Record extracts Start Marker
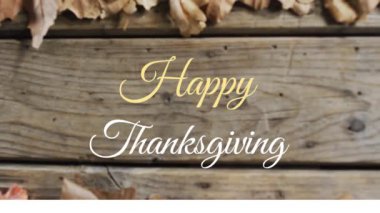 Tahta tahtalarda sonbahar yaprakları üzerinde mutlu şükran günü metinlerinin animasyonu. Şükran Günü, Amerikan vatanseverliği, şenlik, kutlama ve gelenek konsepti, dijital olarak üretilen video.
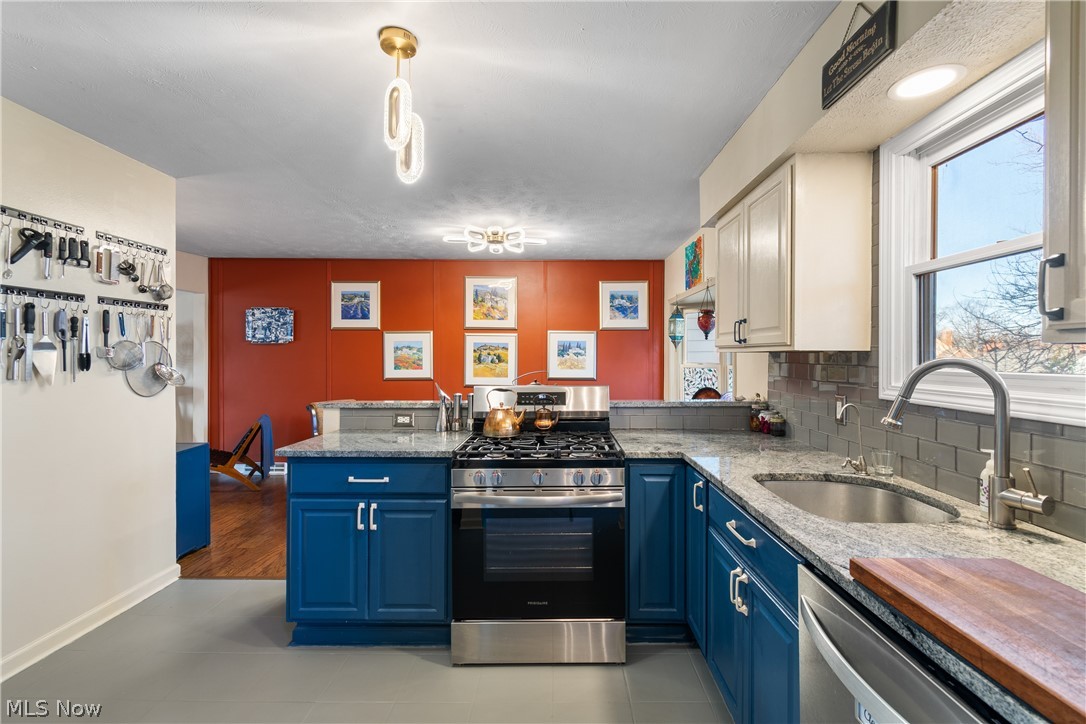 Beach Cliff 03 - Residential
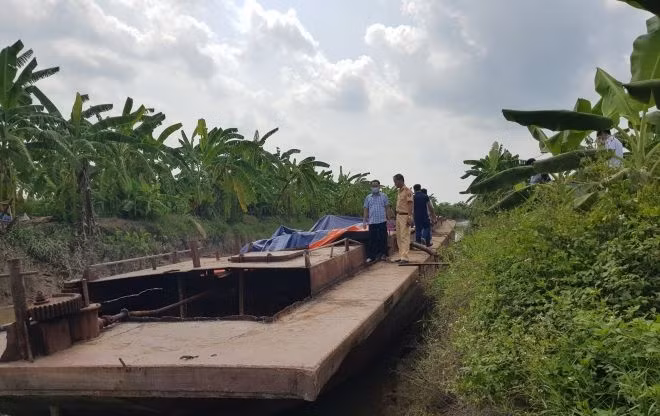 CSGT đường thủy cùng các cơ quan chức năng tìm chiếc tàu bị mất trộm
Record extracts End Marker
Record extracts Start Marker
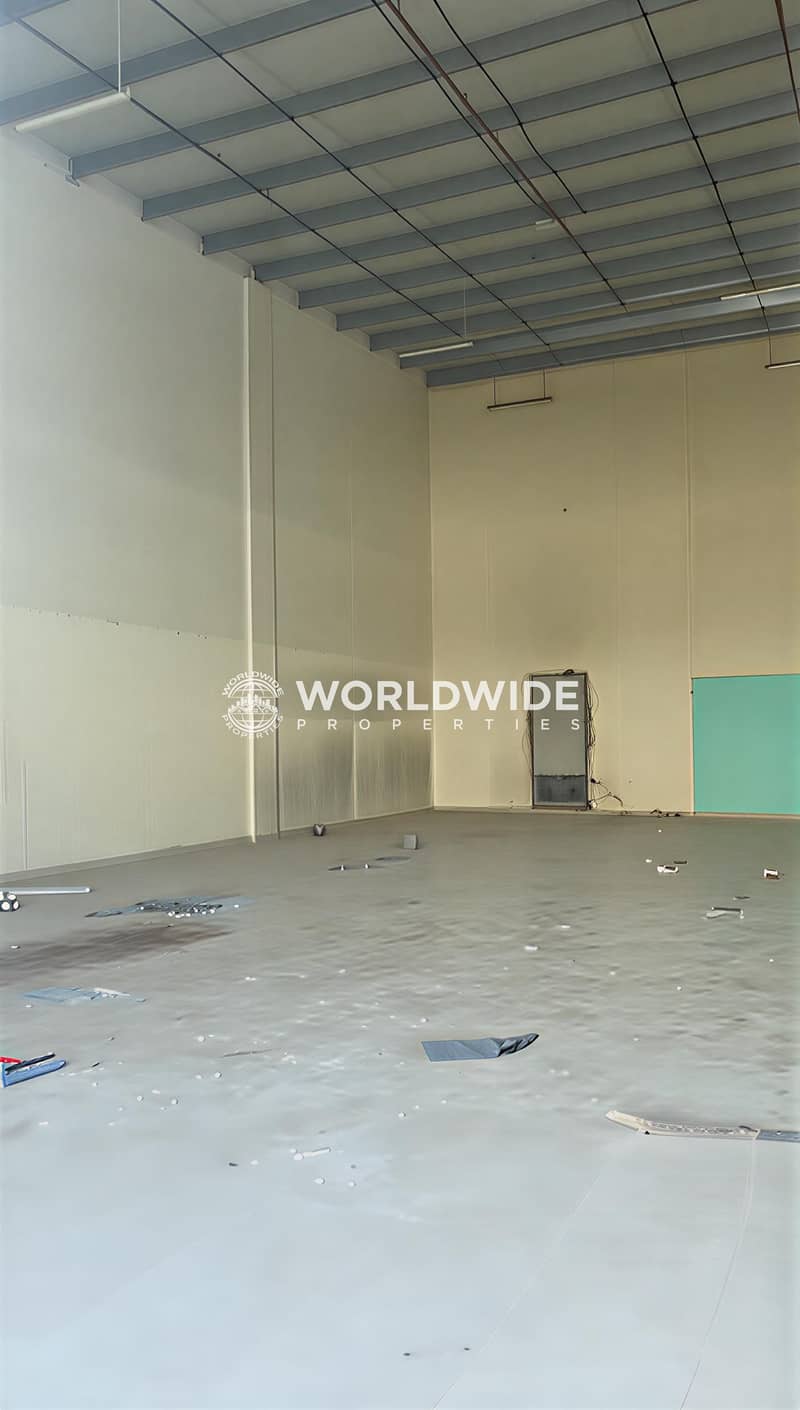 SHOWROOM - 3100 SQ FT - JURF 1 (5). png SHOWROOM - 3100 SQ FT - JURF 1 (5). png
Record extracts End Marker
Task prompt -
Leave out every picture, and copy exactly the lines above starting at the one holding "Tahta tahtalarda sonbahar" and ending at the one holding "CSGT đường thủy", no more and no less.

Completed exercise -
 Tahta tahtalarda sonbahar yaprakları üzerinde mutlu şükran günü metinlerinin animasyonu. Şükran Günü, Amerikan vatanseverliği, şenlik, kutlama ve gelenek konsepti, dijital olarak üretilen video.
 Beach Cliff 03 - Residential
 CSGT đường thủy cùng các cơ quan chức năng tìm chiếc tàu bị mất trộm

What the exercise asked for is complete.